Egemenlik Mücadelesi
Başlık:
Egemenlik Mücadelesi
Kaynak:
Ulus, "Günün Işığında", Sayı: 11736, s. 1
Tarih:
1955-08-25
Lokasyon:
Atatürk Kitaplığı, 152/29
Metin:
GÜNÜN Işığında
Egemenlik mücadelesi
HALK istedikçe iktidar mevkiinin el değiştirebilmesi, demokrasinin başlıca şartlarından biridir. Halkta bu isteği körükleyip iktidar mevkiine geçmeğe çalışmak, bütün muhalefet partilerinin hakkı olduğu kadar vazifesidir de... Muhalefetteki partiler bu vazifelerini ne kadar iyi yaparlarsa iktidardaki parti de memlekete o kadar çok hizmet ederek halkı kendinden hoşnut tutmağa çalışmak zorunda kalır.
Muhalefetin bu vazifesini engellemeğe çalışan bir iktidar partisi, halkı kendinden hoşnut tutamıyacak bir duruma geldiğini itiraf etmiş olur. Memleketimizde de böyle bir durum kendini gösterdiğine göre, muhalefet partilerinin iktidara geçme yolundaki gayretlerine hız vermeleri çok yerindedir.
Ancak, iktidara geçme yolundaki gayretlerin yanısıra, demokrasiyi memleketimizde kökleştirmek için, muhalefette iken de yapabilecekleri bazı şeyler vardır.
Hattâ şimdi bir rejim buhranı içinde bulunduğumuz kabul edilirse, demokrasinin memleketimizde kökleştirilmesi, muhalefet partileri için, iktidara gçemekten daha hayatî bir önem taşıyor olmalıdır.
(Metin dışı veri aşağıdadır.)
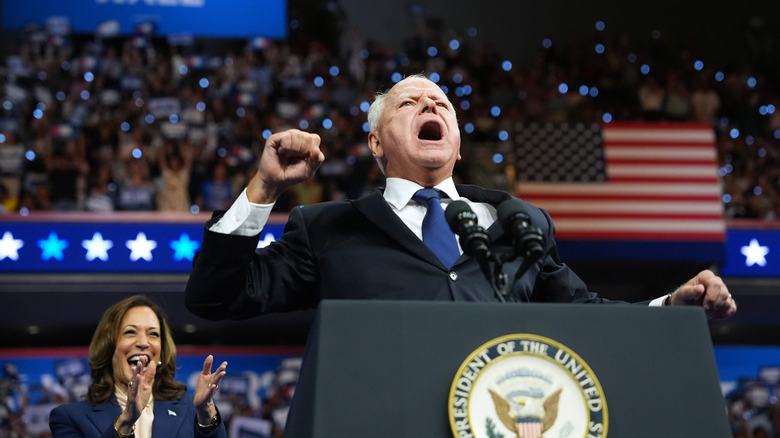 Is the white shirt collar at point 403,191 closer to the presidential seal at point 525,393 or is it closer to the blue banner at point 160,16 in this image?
the presidential seal at point 525,393

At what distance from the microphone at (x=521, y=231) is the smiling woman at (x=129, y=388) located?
41.7 inches

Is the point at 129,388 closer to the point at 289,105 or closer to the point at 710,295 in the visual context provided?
the point at 710,295

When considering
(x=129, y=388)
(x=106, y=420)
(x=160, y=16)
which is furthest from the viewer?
(x=160, y=16)

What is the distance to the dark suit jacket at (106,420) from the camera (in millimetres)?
2738

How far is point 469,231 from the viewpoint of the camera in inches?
65.1

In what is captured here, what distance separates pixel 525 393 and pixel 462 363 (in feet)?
0.32

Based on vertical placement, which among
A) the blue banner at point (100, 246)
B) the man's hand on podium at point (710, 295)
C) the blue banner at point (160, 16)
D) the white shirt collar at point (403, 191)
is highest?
the blue banner at point (160, 16)

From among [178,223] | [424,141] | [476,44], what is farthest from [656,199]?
[424,141]

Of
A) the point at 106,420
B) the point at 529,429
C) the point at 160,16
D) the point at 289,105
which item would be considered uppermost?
the point at 160,16

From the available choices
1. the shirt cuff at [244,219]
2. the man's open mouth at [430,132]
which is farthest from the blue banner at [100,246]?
the shirt cuff at [244,219]

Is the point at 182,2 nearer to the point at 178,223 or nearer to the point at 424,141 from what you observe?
the point at 178,223

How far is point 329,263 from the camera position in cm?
197

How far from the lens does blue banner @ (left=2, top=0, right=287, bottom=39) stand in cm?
1175

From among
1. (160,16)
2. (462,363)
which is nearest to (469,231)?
(462,363) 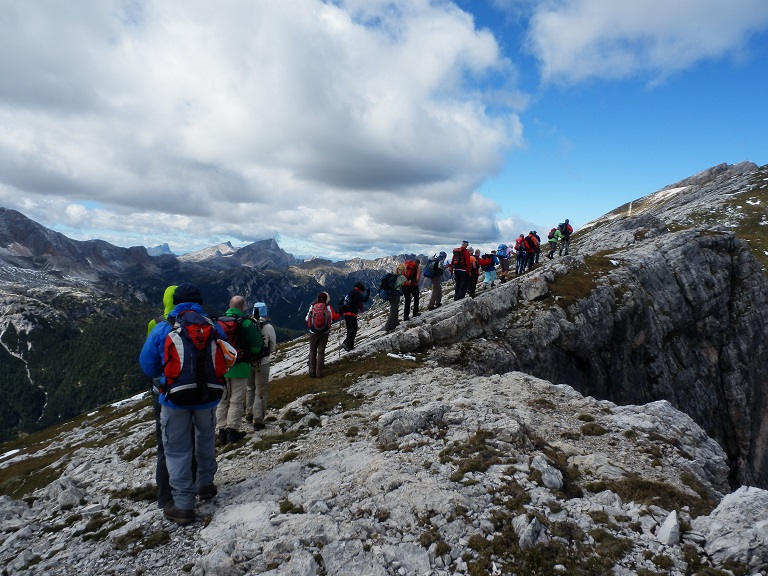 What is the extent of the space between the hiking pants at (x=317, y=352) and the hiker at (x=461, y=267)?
48.7 ft

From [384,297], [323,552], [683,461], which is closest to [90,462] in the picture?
[323,552]

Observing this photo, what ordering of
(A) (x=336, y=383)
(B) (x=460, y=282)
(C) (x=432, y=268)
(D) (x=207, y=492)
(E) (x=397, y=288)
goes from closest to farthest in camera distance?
(D) (x=207, y=492) → (A) (x=336, y=383) → (E) (x=397, y=288) → (C) (x=432, y=268) → (B) (x=460, y=282)

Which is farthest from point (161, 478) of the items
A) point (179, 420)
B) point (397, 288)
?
point (397, 288)

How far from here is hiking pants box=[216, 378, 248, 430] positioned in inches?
594

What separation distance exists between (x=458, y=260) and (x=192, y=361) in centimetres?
2681

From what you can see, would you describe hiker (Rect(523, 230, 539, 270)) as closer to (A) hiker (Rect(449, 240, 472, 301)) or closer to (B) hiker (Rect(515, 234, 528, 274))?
(B) hiker (Rect(515, 234, 528, 274))

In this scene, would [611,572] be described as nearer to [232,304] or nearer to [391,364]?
[232,304]

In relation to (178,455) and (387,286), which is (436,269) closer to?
(387,286)

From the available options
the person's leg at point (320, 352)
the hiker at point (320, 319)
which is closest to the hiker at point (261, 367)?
the hiker at point (320, 319)

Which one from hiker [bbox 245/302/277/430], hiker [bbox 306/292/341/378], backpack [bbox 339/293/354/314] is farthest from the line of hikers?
backpack [bbox 339/293/354/314]

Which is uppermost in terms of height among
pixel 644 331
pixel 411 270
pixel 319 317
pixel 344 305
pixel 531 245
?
pixel 531 245

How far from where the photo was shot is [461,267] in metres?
34.1

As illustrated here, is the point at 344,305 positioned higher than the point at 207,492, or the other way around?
the point at 344,305

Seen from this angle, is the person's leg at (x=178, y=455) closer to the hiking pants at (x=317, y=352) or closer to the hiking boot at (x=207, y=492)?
the hiking boot at (x=207, y=492) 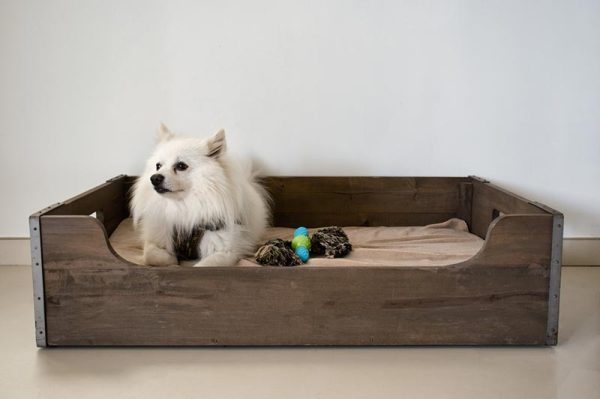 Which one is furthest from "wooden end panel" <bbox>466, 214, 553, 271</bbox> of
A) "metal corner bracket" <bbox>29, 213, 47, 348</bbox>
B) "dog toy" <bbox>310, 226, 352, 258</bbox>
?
"metal corner bracket" <bbox>29, 213, 47, 348</bbox>

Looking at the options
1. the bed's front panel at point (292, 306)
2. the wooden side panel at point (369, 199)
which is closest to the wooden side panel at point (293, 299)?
the bed's front panel at point (292, 306)

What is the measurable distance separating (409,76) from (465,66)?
0.99ft

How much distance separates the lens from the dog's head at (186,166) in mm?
2430

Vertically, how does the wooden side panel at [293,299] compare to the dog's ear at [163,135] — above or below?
below

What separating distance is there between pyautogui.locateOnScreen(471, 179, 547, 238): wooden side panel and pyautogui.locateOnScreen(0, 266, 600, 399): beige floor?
1.86 ft

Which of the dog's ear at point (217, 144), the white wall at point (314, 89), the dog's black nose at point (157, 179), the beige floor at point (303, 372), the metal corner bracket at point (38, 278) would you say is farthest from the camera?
the white wall at point (314, 89)

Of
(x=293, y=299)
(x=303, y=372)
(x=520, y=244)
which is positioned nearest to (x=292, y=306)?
(x=293, y=299)

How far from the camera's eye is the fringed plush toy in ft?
8.10

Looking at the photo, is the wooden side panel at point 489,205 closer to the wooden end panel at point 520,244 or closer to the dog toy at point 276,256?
the wooden end panel at point 520,244

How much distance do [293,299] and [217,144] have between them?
2.48ft

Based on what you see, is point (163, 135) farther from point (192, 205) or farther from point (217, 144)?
point (192, 205)

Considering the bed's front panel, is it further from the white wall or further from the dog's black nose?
the white wall

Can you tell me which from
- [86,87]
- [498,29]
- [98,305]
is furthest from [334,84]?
[98,305]

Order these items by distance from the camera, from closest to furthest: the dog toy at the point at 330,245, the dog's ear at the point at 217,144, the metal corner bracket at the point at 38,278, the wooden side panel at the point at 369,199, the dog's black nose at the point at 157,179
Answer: the metal corner bracket at the point at 38,278
the dog's black nose at the point at 157,179
the dog's ear at the point at 217,144
the dog toy at the point at 330,245
the wooden side panel at the point at 369,199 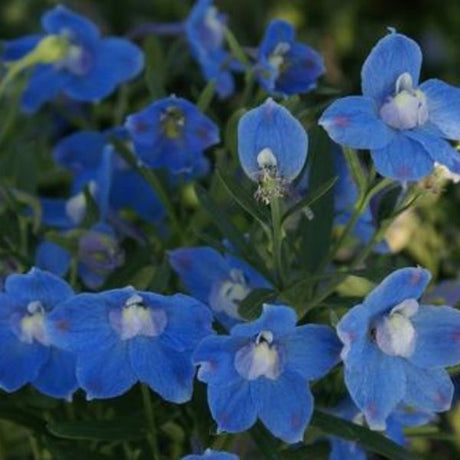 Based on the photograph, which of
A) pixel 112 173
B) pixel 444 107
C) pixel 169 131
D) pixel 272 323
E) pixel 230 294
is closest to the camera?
pixel 272 323

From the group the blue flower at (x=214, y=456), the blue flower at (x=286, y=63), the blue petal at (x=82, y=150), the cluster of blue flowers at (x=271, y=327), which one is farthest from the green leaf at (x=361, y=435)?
the blue petal at (x=82, y=150)

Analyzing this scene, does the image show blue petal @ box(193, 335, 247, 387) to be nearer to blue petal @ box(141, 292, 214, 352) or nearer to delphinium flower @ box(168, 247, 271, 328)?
blue petal @ box(141, 292, 214, 352)

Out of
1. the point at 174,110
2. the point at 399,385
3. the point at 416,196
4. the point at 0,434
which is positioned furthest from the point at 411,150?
the point at 0,434

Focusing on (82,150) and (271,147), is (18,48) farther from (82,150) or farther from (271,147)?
(271,147)

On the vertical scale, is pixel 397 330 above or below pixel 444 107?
below

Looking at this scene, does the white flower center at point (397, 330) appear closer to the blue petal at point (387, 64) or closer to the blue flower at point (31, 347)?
the blue petal at point (387, 64)

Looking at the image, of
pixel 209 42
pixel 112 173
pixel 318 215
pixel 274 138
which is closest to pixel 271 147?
pixel 274 138

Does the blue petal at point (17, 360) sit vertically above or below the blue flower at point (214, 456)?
below

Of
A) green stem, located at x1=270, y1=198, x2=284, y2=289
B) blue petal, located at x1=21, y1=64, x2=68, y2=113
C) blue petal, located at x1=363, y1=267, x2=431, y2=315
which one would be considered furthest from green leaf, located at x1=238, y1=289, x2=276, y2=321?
blue petal, located at x1=21, y1=64, x2=68, y2=113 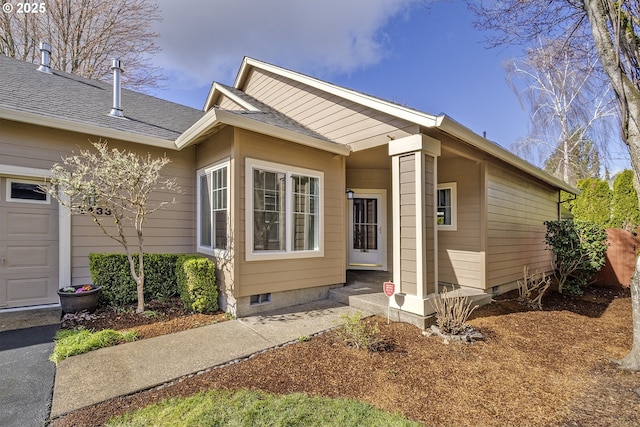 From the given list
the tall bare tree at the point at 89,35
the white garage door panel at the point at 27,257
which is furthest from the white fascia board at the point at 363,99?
the tall bare tree at the point at 89,35

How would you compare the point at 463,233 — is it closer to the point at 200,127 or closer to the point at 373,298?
the point at 373,298

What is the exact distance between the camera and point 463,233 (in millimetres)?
6434

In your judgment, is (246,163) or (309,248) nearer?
(246,163)

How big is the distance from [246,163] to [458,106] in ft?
50.4

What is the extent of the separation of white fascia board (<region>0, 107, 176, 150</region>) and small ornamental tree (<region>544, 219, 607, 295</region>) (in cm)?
845

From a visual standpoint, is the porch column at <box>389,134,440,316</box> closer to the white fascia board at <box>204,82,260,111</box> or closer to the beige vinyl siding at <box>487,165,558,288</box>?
the beige vinyl siding at <box>487,165,558,288</box>

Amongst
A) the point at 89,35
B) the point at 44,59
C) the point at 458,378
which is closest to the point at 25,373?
the point at 458,378

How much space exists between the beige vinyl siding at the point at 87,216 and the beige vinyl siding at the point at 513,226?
6.20 meters

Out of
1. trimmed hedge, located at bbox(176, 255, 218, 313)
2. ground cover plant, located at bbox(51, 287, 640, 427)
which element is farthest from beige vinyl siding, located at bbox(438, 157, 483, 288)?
trimmed hedge, located at bbox(176, 255, 218, 313)

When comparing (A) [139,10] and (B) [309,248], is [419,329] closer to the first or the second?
(B) [309,248]

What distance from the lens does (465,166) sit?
645cm

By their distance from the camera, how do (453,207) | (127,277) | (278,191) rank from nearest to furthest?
1. (127,277)
2. (278,191)
3. (453,207)

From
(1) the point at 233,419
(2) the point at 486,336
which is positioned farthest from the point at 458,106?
(1) the point at 233,419

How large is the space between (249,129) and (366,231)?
14.4 feet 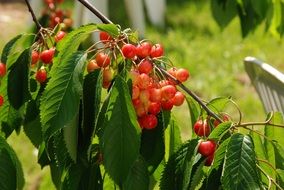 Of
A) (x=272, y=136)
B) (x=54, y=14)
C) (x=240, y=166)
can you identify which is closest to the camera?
(x=240, y=166)

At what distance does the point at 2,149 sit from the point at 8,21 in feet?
12.6

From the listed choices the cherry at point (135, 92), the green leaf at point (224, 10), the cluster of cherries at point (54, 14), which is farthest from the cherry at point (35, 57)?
the green leaf at point (224, 10)

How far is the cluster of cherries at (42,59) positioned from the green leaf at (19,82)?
0.02 meters

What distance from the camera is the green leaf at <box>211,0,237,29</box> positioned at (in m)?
1.62

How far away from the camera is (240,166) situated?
74cm

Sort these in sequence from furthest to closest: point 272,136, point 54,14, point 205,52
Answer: point 205,52, point 54,14, point 272,136

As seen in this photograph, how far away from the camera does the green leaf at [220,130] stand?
80 centimetres

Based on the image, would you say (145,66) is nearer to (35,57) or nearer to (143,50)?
(143,50)

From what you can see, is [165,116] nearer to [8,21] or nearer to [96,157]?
[96,157]

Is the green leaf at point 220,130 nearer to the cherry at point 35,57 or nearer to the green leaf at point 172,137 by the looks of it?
the green leaf at point 172,137

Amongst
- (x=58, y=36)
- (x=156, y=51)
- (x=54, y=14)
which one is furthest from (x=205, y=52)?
(x=156, y=51)

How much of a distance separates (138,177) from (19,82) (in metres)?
0.22

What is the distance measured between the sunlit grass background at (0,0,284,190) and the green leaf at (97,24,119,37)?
6.14 ft

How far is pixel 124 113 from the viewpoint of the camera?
76 cm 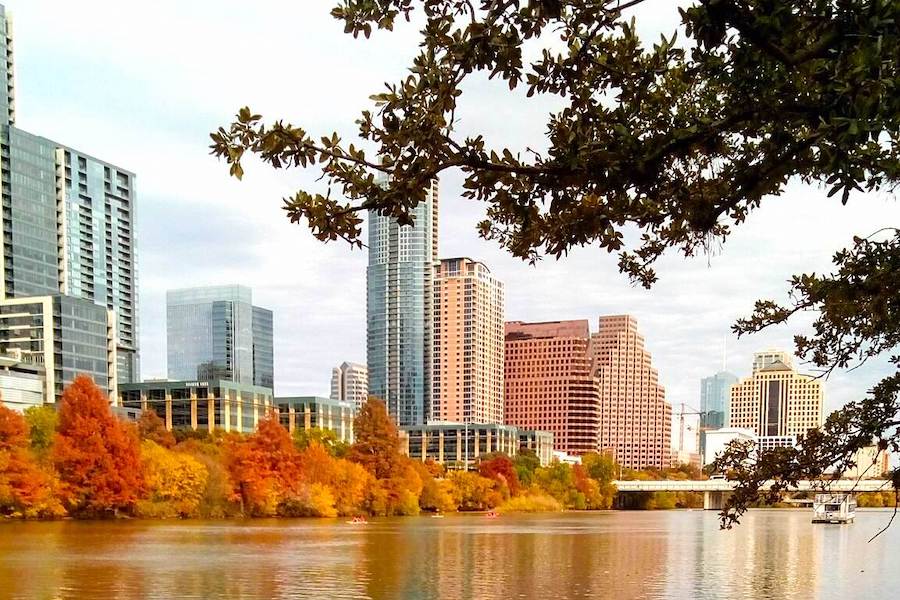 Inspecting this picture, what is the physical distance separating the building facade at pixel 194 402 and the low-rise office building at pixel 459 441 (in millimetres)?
37407

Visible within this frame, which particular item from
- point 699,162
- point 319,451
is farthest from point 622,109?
point 319,451

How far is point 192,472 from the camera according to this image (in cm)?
7125

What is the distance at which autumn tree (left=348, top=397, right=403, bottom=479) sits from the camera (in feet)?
294

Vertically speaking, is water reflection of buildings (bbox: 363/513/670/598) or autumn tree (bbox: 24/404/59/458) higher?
autumn tree (bbox: 24/404/59/458)

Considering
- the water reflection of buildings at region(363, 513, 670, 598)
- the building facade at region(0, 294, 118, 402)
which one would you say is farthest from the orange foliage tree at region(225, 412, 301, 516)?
the building facade at region(0, 294, 118, 402)

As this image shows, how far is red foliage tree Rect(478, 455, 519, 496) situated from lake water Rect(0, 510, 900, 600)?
193ft

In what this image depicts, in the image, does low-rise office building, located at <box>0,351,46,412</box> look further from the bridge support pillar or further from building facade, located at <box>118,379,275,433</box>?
the bridge support pillar

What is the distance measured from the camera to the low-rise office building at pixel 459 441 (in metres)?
170

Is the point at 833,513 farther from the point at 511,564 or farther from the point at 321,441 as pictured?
the point at 511,564

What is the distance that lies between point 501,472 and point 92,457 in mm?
71651

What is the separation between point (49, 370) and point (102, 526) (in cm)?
7252

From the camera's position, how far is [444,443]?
173875 mm

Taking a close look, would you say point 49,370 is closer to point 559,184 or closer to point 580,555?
point 580,555

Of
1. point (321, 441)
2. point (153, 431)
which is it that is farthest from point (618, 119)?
point (153, 431) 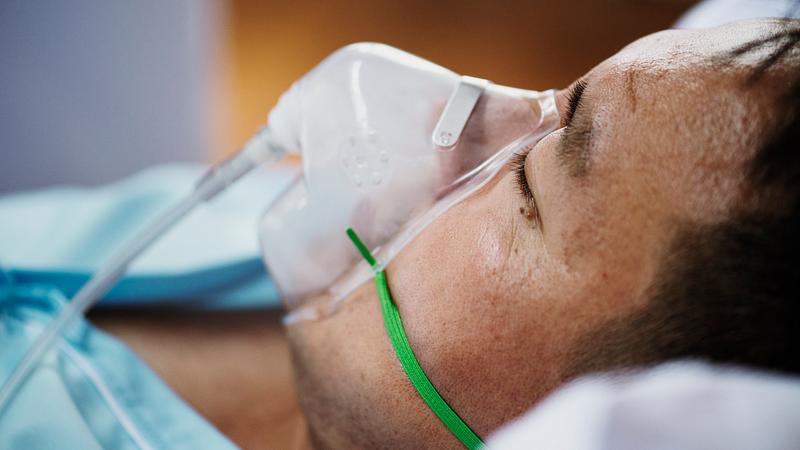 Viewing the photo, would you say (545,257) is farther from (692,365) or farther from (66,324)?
(66,324)

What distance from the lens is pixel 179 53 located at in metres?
2.29

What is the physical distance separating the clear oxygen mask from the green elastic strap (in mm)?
71

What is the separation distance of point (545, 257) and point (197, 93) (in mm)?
2055

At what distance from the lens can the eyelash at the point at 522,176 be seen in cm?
60

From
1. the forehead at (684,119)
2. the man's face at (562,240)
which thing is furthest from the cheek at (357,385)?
the forehead at (684,119)

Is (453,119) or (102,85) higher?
(102,85)

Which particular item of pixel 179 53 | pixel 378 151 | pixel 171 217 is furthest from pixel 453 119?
pixel 179 53

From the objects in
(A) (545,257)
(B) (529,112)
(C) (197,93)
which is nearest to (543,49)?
(C) (197,93)

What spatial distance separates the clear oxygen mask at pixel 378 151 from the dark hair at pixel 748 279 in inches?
9.0

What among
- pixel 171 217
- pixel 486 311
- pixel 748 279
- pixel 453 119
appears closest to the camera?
pixel 748 279

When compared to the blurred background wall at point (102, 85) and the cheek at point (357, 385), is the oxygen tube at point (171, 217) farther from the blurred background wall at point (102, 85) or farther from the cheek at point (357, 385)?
the blurred background wall at point (102, 85)

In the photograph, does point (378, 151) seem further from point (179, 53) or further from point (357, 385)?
point (179, 53)

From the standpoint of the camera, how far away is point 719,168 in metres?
0.50

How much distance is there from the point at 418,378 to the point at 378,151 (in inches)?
10.3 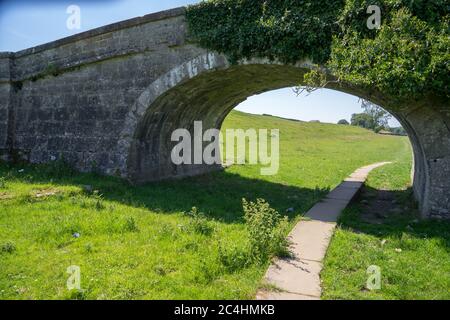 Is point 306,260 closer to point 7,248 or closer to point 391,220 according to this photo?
point 391,220

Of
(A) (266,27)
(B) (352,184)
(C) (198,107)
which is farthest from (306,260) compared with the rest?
(C) (198,107)

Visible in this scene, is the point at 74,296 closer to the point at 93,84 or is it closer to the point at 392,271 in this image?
the point at 392,271

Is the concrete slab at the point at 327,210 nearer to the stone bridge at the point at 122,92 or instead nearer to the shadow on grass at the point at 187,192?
the shadow on grass at the point at 187,192

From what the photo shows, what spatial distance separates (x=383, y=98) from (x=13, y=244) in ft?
23.9

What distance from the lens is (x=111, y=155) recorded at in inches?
397

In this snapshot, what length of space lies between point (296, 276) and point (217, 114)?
969cm

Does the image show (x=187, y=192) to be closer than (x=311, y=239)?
No

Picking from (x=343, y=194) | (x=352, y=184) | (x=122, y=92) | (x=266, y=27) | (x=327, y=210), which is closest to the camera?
(x=327, y=210)

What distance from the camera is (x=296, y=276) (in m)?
4.29

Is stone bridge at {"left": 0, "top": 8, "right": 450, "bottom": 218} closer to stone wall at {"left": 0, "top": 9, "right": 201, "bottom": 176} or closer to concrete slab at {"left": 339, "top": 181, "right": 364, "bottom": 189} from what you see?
stone wall at {"left": 0, "top": 9, "right": 201, "bottom": 176}

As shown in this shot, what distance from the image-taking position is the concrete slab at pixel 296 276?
13.0ft

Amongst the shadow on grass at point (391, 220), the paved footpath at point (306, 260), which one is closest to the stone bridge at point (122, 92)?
the shadow on grass at point (391, 220)

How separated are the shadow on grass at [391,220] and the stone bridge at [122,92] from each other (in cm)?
64

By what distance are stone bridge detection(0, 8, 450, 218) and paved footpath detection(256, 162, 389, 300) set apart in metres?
2.68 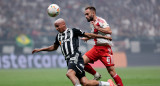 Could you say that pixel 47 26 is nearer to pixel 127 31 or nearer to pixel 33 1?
pixel 33 1

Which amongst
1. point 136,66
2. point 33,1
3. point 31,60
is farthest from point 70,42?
point 33,1

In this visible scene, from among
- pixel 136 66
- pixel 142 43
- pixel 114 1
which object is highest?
pixel 114 1

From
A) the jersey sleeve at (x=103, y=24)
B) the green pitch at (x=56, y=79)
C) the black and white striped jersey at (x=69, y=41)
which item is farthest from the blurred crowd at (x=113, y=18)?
the black and white striped jersey at (x=69, y=41)

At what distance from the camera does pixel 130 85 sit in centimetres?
1138

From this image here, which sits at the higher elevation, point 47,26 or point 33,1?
point 33,1

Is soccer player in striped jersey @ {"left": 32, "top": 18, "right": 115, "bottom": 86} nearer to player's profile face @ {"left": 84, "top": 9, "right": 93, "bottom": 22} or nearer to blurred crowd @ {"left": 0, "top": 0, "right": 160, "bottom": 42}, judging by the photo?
player's profile face @ {"left": 84, "top": 9, "right": 93, "bottom": 22}

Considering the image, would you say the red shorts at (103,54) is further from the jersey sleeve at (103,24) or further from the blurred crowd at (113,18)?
the blurred crowd at (113,18)

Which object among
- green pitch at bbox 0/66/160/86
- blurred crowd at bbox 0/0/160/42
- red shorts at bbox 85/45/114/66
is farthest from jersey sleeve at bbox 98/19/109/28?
blurred crowd at bbox 0/0/160/42

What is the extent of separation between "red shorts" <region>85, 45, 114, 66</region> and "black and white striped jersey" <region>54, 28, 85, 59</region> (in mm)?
1736

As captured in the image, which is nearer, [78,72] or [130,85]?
[78,72]

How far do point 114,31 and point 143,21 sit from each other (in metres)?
3.54

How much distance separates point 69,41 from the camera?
8.12 meters

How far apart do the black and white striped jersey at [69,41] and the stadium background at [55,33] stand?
35.9 ft

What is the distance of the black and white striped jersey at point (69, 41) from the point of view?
809cm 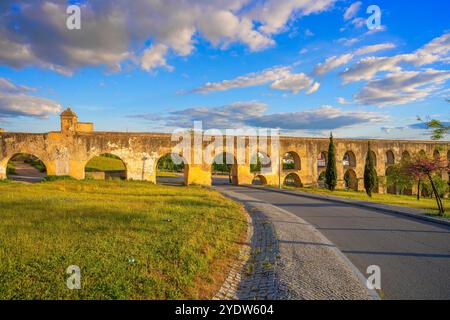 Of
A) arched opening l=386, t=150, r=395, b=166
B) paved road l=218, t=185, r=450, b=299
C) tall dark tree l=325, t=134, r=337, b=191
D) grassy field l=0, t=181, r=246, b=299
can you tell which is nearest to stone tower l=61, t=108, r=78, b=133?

Dünkü yazımızda ileri sürdüğümüz gibi, bizde halk egemenliği bugüne kadar sadece bir siyasi mesele olarak görülmüş, halk egemenliğinin sosyal ve ekonomik yönleri üzerinde ise hemen hiç durulmamıştır.
Eğer bugün iktidardaki bir parti, muhalefet partilerinin çalışmasını kolayca engelliyebiliyor ve böylece bir rejim buhranı yaratabiliyorsa, bu, memleketimizde halk egemenliğinin demokratik rejimi teminat altına alabilecek kadar köklü olmayışındandır.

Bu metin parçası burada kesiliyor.